In the spring of 1960, Samuel Fuller was stuck. For a little over a year, he had been working on a screenplay about a middle-aged boxer who agrees to take a dive for a gangster for money, only to double-cross him. Fuller was interested in exploring the world of boxing, but he wasn't satisfied with what he had to that point, and for several months had put the unfinished screenplay on the shelf, returning instead to the script for what would eventually become Underworld USA.
Then Fuller received an invitation to the Cannes Film Festival from his friend, writer Romain Gary. Fuller was reluctant to go at first; he was still bitter about the French reaction to his 1957 war film China Gate. However, Gary, the French Consul-General in Los Angeles at the time, claimed to be able to smooth things out with the right people if need be, and ultimately, Fuller agreed, choosing to keep a low profile while in Cannes.
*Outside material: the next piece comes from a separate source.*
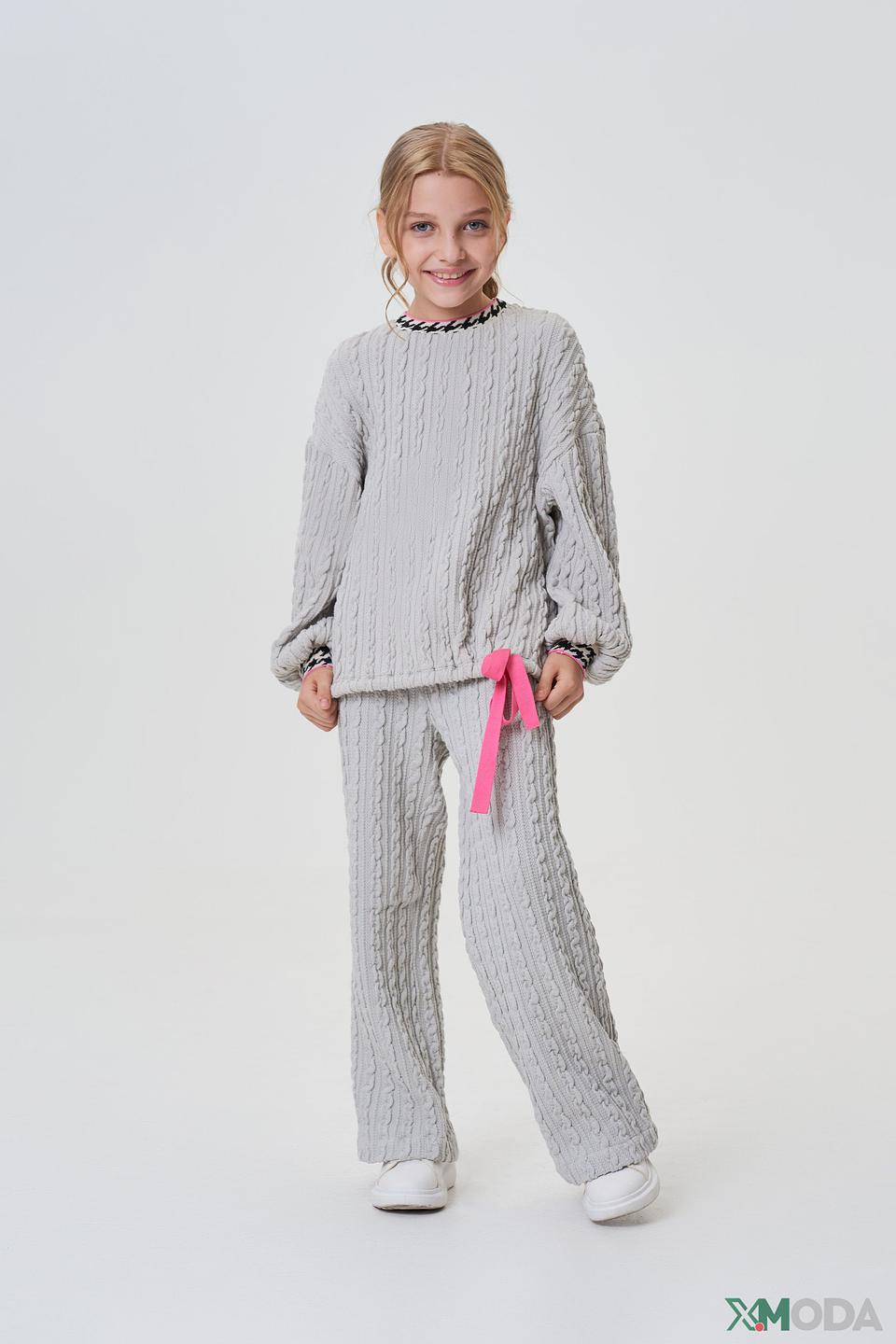 Джемпер Choupette серый с косами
A meeting was arranged between the two filmmakers. Godard couldn't have been more excited to meet Fuller, one of his idols, and the two talked for hours. Eventually, Fuller mentioned his boxing screenplay and Godard offered a few suggestions, including the addition of a young female lead. Suddenly re-energized, Fuller brought in Gary to help him with the rewrite, spending an extra week in Cannes holed up in their hotel. Fuller returned to America while Gary remained in Europe.
Fuller set up a screen test for Godard's Breathless star Jean Seberg with an eye towards getting her to play Mia, the moll character Fuller added after his initial conversations with the French filmmaker. Fuller had met her briefly at Cannes and was quite taken by her. Seberg was greatly trepidatious about returning to Hollywood, having struck out in her film debut, Otto Preminger's Saint Joan (1957) and not faring much better in her subsequent films, hence the move to France. Fuller informed her, however, that the part of Mia was written with her in mind. With Godard's encouragement, Seberg agreed to fly out to LA.
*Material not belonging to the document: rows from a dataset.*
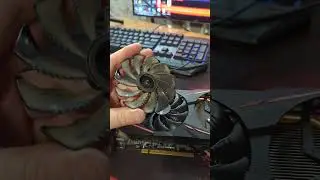 обслуживаем вентилятор гигабайт rx570 по простому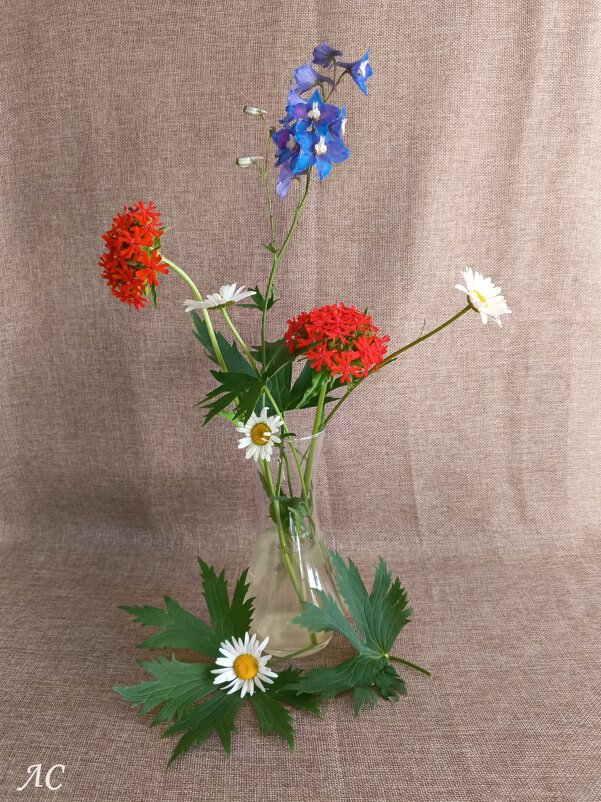 Скромный  букетик - Любовь Сахарова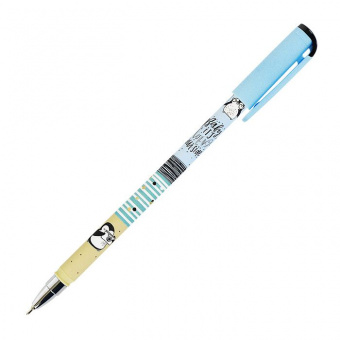 Ручка масляная LOREX «Illegally Cute. Pinguin», серия Slim Soft, 0,5 мм, стержень синий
Gary, back in LA by now, also attended the screen test, which Seberg passed with flying colors. She even offered a couple of suggestions for the character which Fuller and Gary readily took to. Gary and Seberg began spending more time together during the production of Pulp, and a relationship formed between the two of them.
For the part of Wallace, Fuller had in mind someone tall and imposing. Gary happened to remember the Gregory Peck war film Pork Chop Hill (1959) and seeing the 6'4" Woody Strode in a small part. Fuller liked the suggestion and brought the actor into the cast as well.
Post-production took longer than usual for a Fuller film, mostly due to the editing process, and as a result, he was not able to bring it to Cannes like he had hoped. Godard flew in to look at a rough cut and make a few suggestions here and there. Eventually, Pulp was released in the fall of 1961 to middling reviews. As much as Fuller tried to bring the French New Wave sensibility to his film, the American audiences of the day were less than receptive. The French received it more warmly, though, especially Seberg's performance. It would take another six years before that style would be successfully wedded with American cinema, in Arthur Penn's Bonnie and Clyde.
Quentin Tarantino's remake in 1994, ironically, did make it to Cannes and won the Palme D'Or as a result. His version is particularly notable, not only for the increased level of violence, but for the addition of the non-linear storytelling format, which has been compared to Stanley Kubrick's The Killing (1956). Indeed, it is more of a re-imagining than a straight remake (the henchmen Jules and Vincent are expanded upon, for instance), one which Fuller has said is truer to his original vision than his actual product turned out to be, hampered as he was by his attempts to make a French New Wave film.